[Collected data]
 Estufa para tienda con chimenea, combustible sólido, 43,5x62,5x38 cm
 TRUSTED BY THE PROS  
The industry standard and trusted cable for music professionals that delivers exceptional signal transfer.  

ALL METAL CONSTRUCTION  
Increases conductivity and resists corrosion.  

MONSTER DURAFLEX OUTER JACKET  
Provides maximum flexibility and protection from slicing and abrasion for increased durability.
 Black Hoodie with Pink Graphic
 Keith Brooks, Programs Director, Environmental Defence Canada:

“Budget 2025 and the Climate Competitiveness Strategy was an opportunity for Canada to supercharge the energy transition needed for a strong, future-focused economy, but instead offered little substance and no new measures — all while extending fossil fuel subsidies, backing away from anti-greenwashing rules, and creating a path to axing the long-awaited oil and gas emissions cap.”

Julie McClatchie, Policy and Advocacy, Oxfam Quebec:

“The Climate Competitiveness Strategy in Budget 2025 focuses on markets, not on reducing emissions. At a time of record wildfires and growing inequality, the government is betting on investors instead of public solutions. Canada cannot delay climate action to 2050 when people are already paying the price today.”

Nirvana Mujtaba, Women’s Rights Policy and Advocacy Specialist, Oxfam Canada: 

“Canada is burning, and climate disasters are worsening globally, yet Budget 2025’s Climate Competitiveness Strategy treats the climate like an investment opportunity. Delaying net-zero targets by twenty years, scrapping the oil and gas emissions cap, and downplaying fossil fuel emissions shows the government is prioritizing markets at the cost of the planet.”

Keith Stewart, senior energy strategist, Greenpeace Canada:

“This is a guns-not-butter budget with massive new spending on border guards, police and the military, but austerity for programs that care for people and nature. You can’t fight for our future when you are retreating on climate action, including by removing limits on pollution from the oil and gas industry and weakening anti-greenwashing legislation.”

THE TASK: Please return each line of the data above in which the word "Policy" occurs.

TASK RESPONSE:
Julie McClatchie, Policy and Advocacy, Oxfam Quebec:
Nirvana Mujtaba, Women’s Rights Policy and Advocacy Specialist, Oxfam Canada: 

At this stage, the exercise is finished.